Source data
━━━━━━

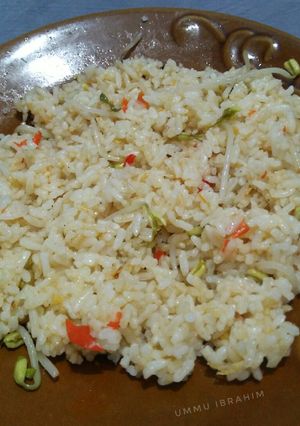 Foto resep 72.Nasi Goreng Sederhana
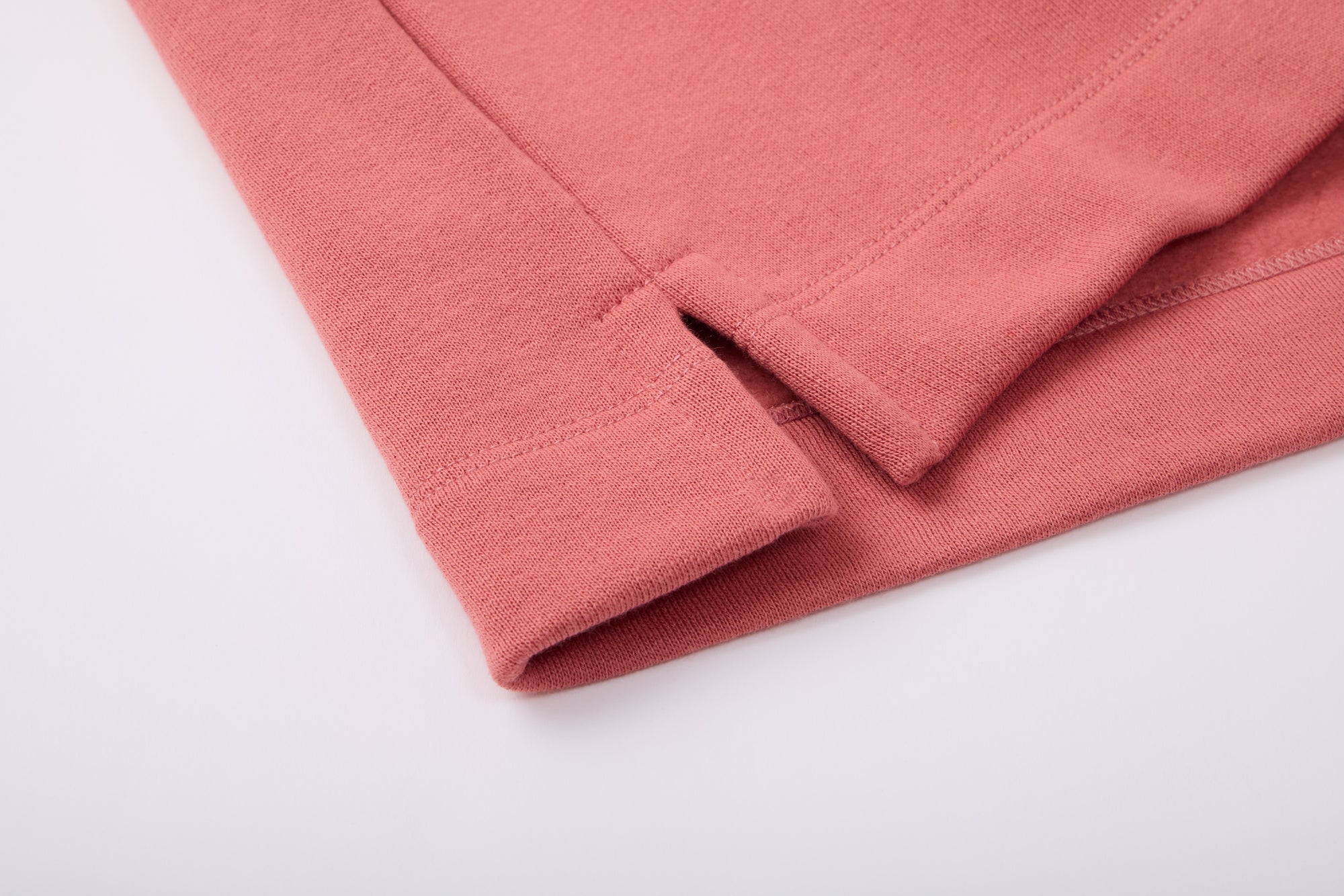 Multi color hoodie with white bear drawing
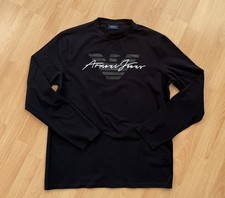 EMPORIO ARMANI Herren Sweatshirt Langarm NEUWERTIG !! Gr. XXL TOP !!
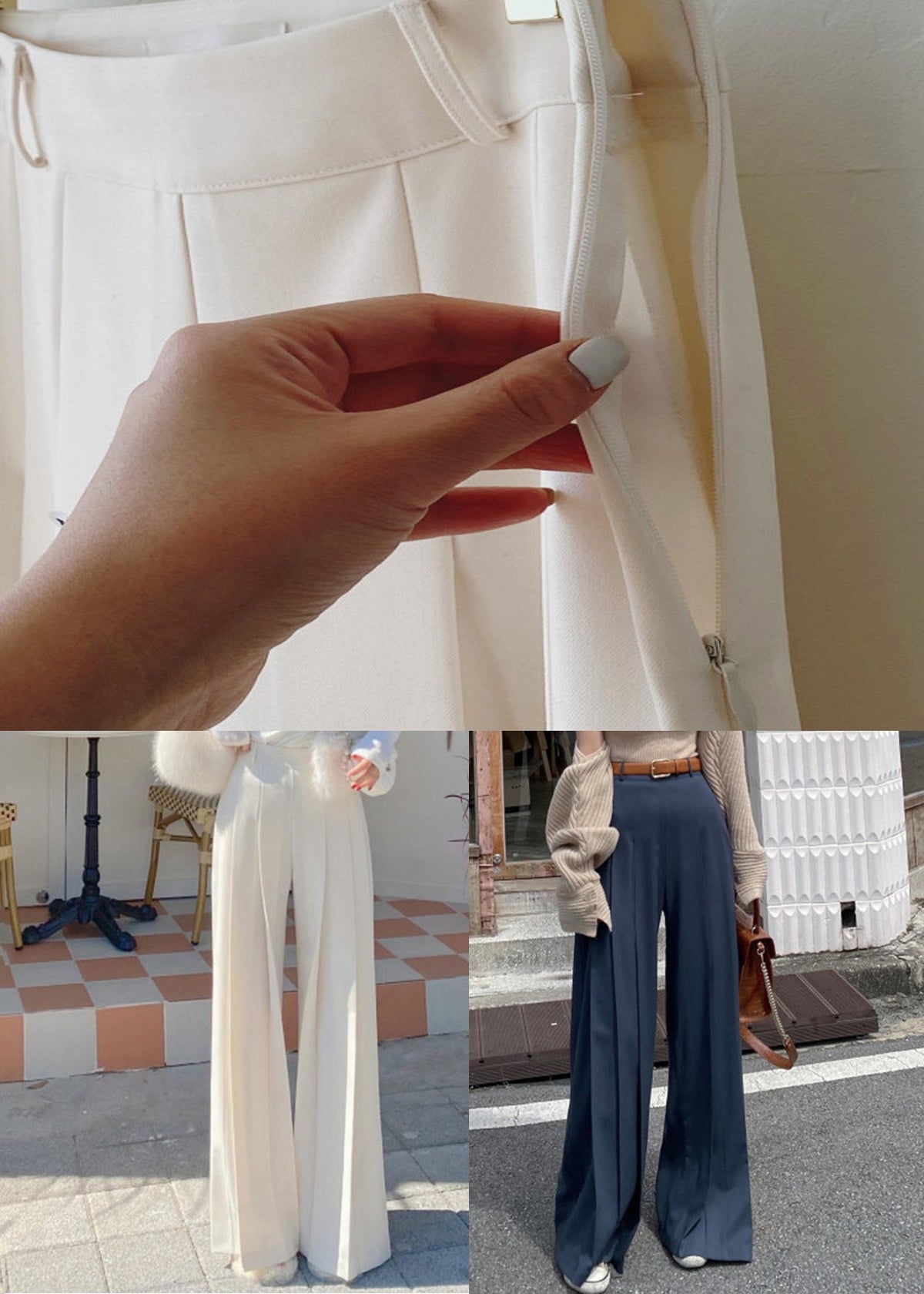 Elegantly Styled Pants for Everyday Wear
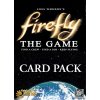 Desková hra Gale Force Nine Firefly The Game Big Damn Heroes Card Set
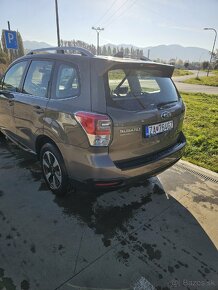 SUBARU FORESTER Výborný stav - 19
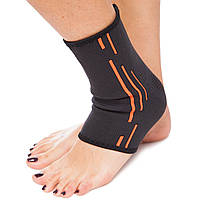 Бандаж для гомілкостопу еластичний 1 шт SIBOTE ST-1011 (розміри S-XL)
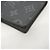 Louis Vuitton Monogram Eclipse Card Case Black - view 5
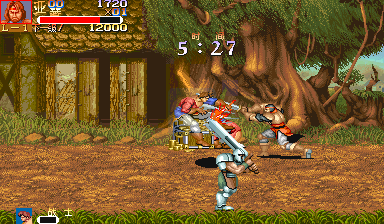 圆桌骑士（汉化版）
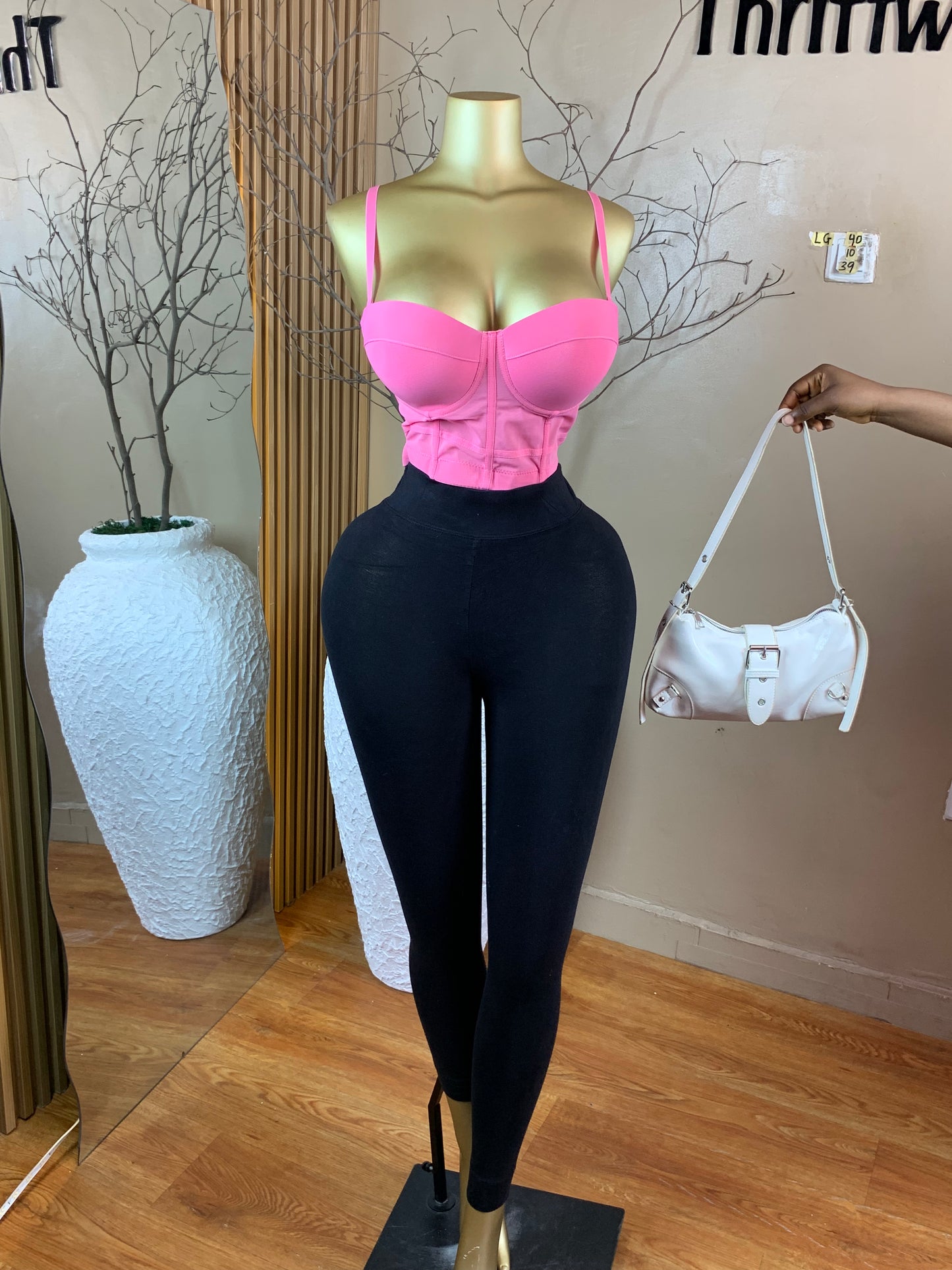 SIZE10 LG40 Length39(Leggings only)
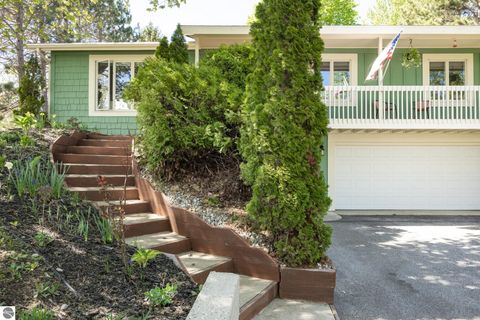 Tiny photo for 6066 S West Bay Shore Drive, Traverse City, MI 49684 (MLS # 1945629)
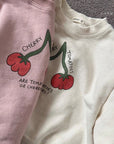 Little Foxx – Cherry Tomato Sweatshirt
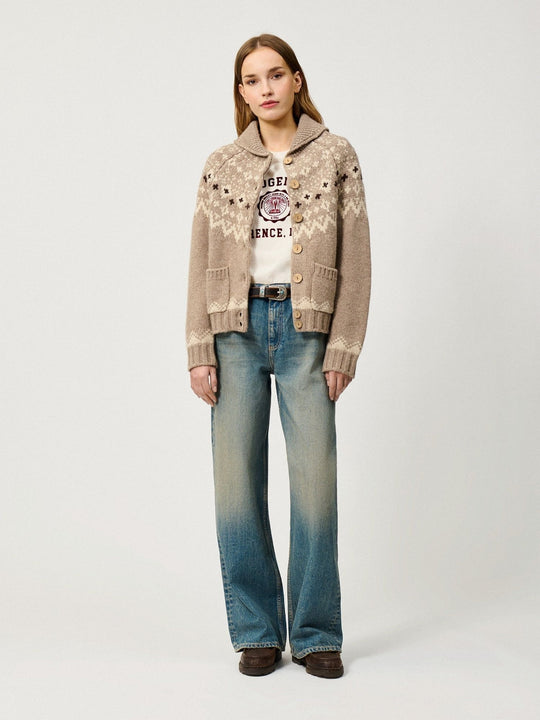 Cardigan Donna ROY ROGER'S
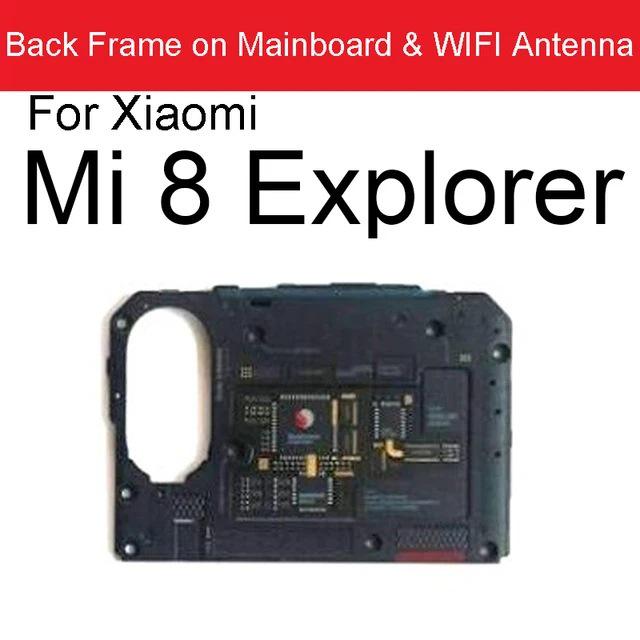 Motherboard Cover with NFC for Xiaomi Mi 8, 9 Lite, 9 Pro, Mi 9 SE, CC9 Pro Models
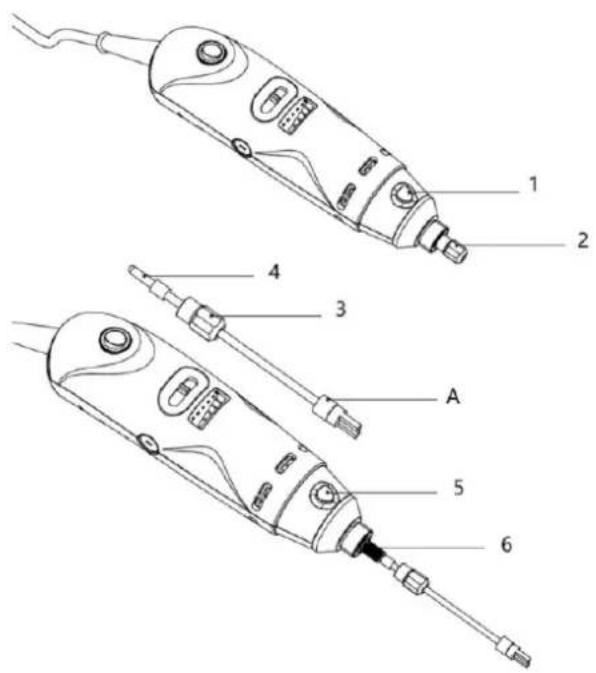 STEINBERG SBS-UH-210 - Asennus - 1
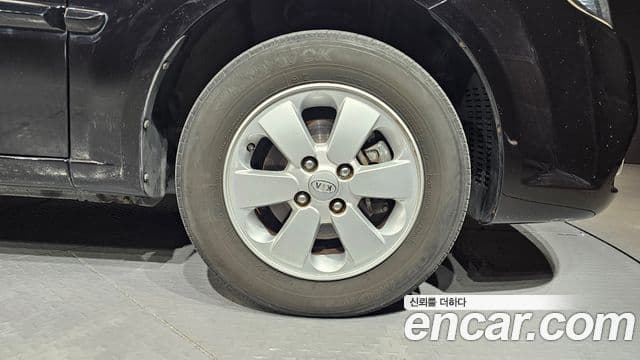 Kia Pride(новый кузов / новое поколение) 4DR 1.4 DOHC LX, 2010 все фото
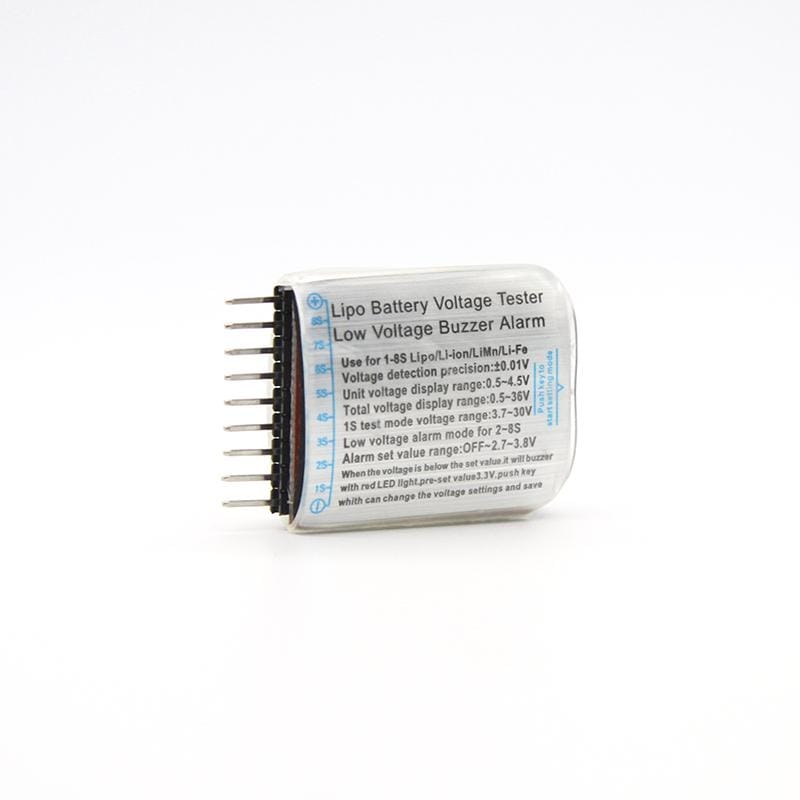 battery capacity checker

━━━━━━

Instructions to follow
Starting with the line that contains "Little Foxx – Cherry Tomato Sweatshirt" and ending with the last line of the data above, transcribe exactly those lines and no others, without pictures.

Output for this exercise
 Little Foxx – Cherry Tomato Sweatshirt
 Cardigan Donna ROY ROGER'S
 Motherboard Cover with NFC for Xiaomi Mi 8, 9 Lite, 9 Pro, Mi 9 SE, CC9 Pro Models
 STEINBERG SBS-UH-210 - Asennus - 1
 Kia Pride(новый кузов / новое поколение) 4DR 1.4 DOHC LX, 2010 все фото
 battery capacity checker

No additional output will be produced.